New York City Comptroller Brad Lander stands behind Mayor Eric Adams at a press conference announcing an investment to preserve rent-stabilized housing units impacted by the sudden collapse of Signature Bank.

City Comptroller Brad Lander is eyeing Mayor Eric Adams' position and may challenge his run for reelection next year. | Sophie Ota/Office of NYC Comptroller

NEW YORK MINUTE: The city’s nine-member Rent Guidelines Board will hold its final vote this evening on proposed lease adjustments for rent-stabilized apartments, lofts and hotels.

Under consideration is an increase for rent-stabilized units that could be as high as 6.5 percent for two-year leases.

LANDING ON A DECISION: City Comptroller Brad Lander is seriously considering running for mayor in 2025 and could announce plans to challenge Mayor Eric Adams in July, according to five people familiar with his thinking.

Lander’s entrance would shake up the mayoral race, pitting a progressive citywide incumbent against Adams, and would also kick off competition for the open comptroller seat.

Lander has long been considered a potential candidate if an unlikely one, but he’s moved toward running in recent weeks — in part given the mayor’s political vulnerability.

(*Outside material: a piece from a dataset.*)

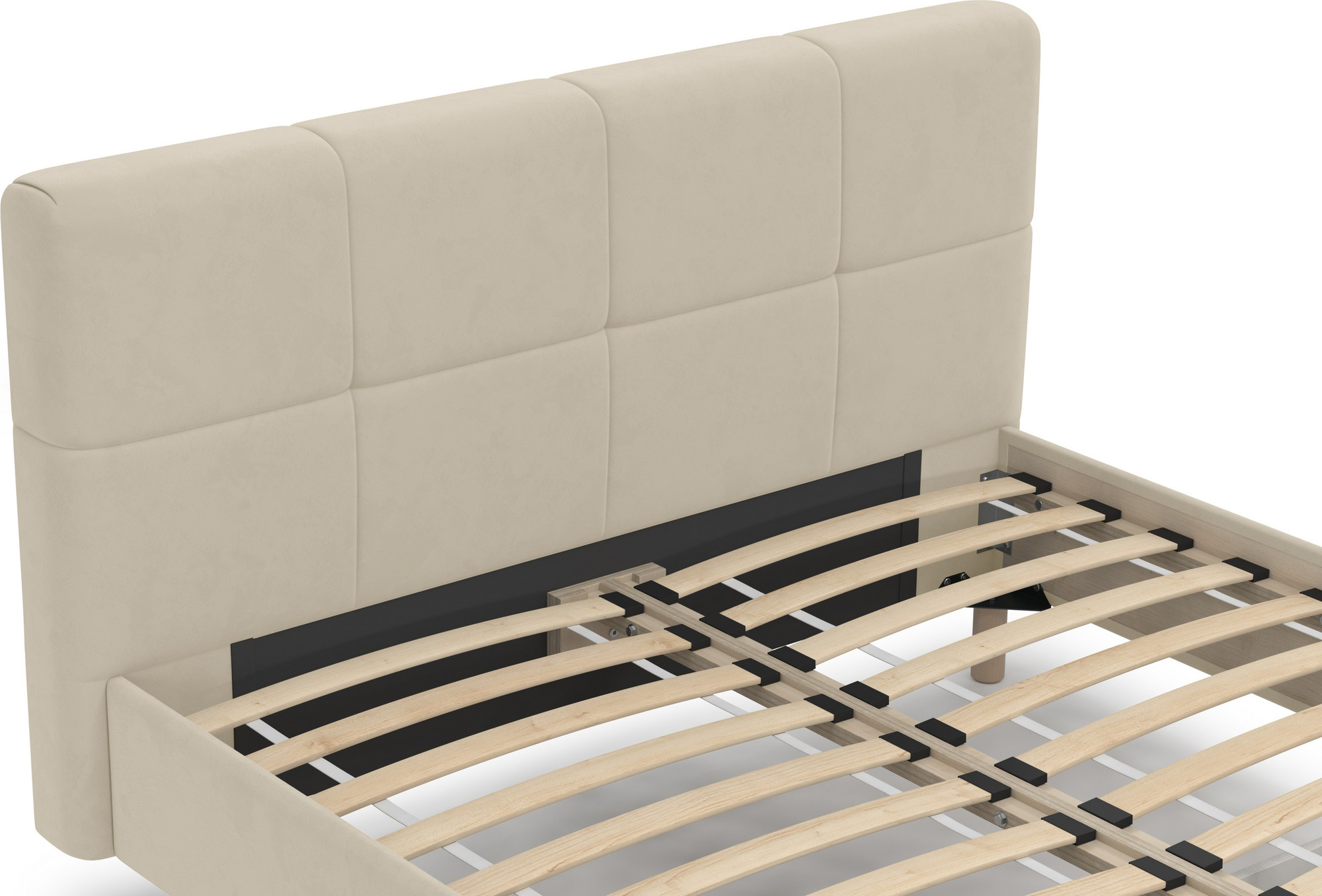 Полуторная кровать Mio Tesoro Letto 617 140x200 (бежевый 1189) — фото 6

Federal investigators are probing Adams’ 2021 campaign, and polls have approval ratings under 30 percent.

Adams may revel in a Lander challenge. The mayor has mocked him as “the loudest person in New York City” and he fits the profile Team Adams loves to target: progressive, white, upper-class transplants who readily criticize the record of the city’s Black mayor.

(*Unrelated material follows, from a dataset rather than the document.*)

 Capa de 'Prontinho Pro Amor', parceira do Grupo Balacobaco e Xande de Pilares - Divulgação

But Lander could be formidable, as someone who himself won a competitive citywide primary for an open seat in 2021.

He’s been fundraising aggressively and has hired Rep. Alexandria Ocasio-Cortez’s former campaign manager Rebecca Rodriguez to help him. Consulting heavyweights BerlinRosen and Global Strategy Group are also on his team. A standard bearer of the city’s progressive wing, he would emphasize affordability concerns if he ran.

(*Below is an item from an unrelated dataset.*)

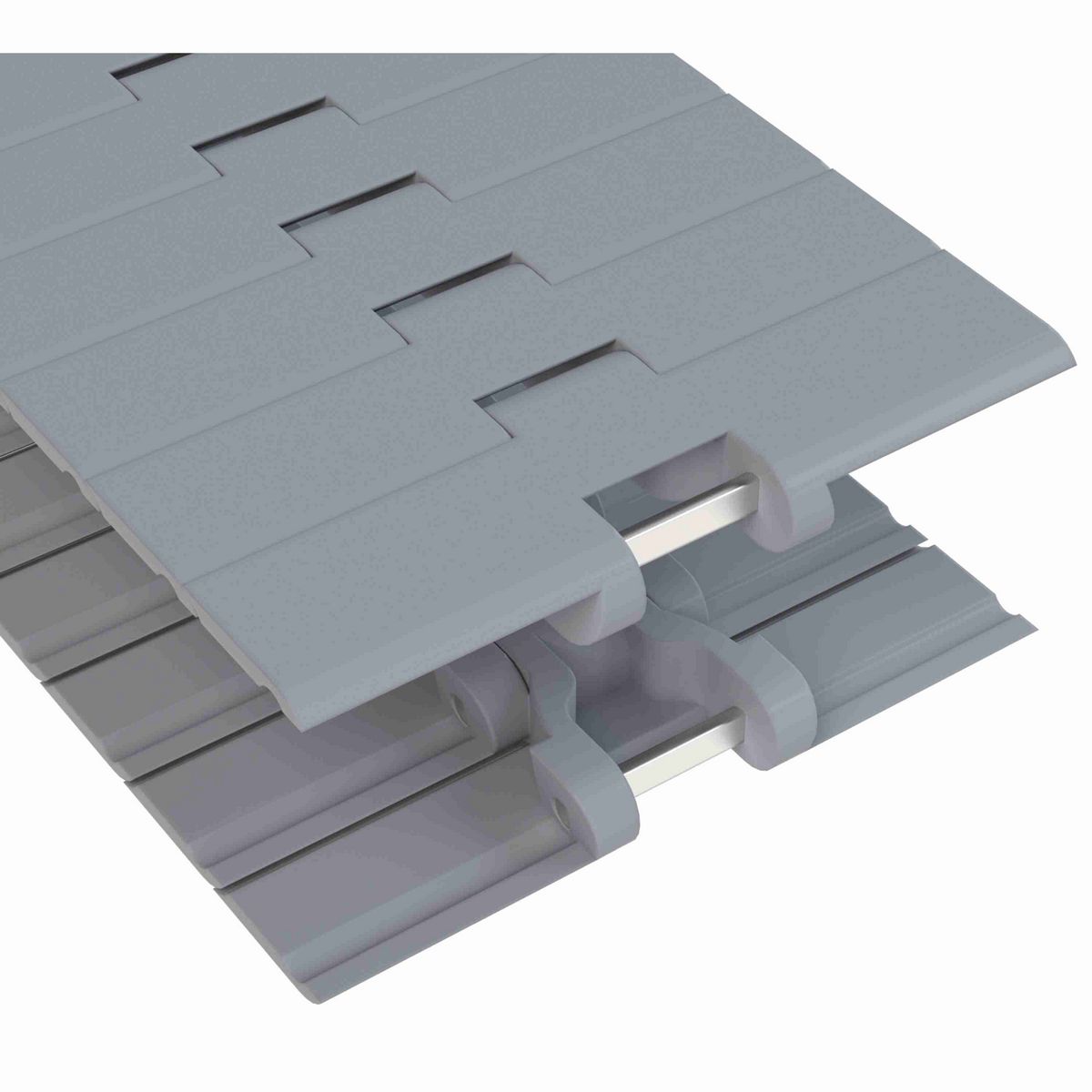 Rexnord 882B Side-flexing Solid Top, Material: Silver Platinum Series™ X, Width: 7.5in, Pitch: 1.5in - 10478586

Lander’s campaign declined to comment.

Running for mayor would mean not running for a second term as comptroller, and that’s just one of the factors that could cause him to waver. Adams ally Jennifer Rajkumar, a state assembly member, is eyeing a bid for city comptroller.

People who have talked to Lander say he plans to run but might change his mind and wait until 2029 — though he would face a crowded field for an open seat if Adams wins reelection next year.

There is no major time crunch to decide, since unlike mayoral contenders Scott Stringer and Zellnor Myrie, Lander already has a citywide account for fundraising.

“He’s been talking about making some sort of announcement over the summer,” said one person who has talked directly with Lander. “I don’t know if that’s going to be exploratory, or ‘I’m in.’”

There’s been a lot of talk among progressive critics of Adams about finding just one standard-bearer to run against him, and Lander would complicate that, with Myrie already in. But the city’s ranked-choice voting system is designed to reward collaborative efforts on the campaign trail.

For now, the Working Families Party is welcoming him.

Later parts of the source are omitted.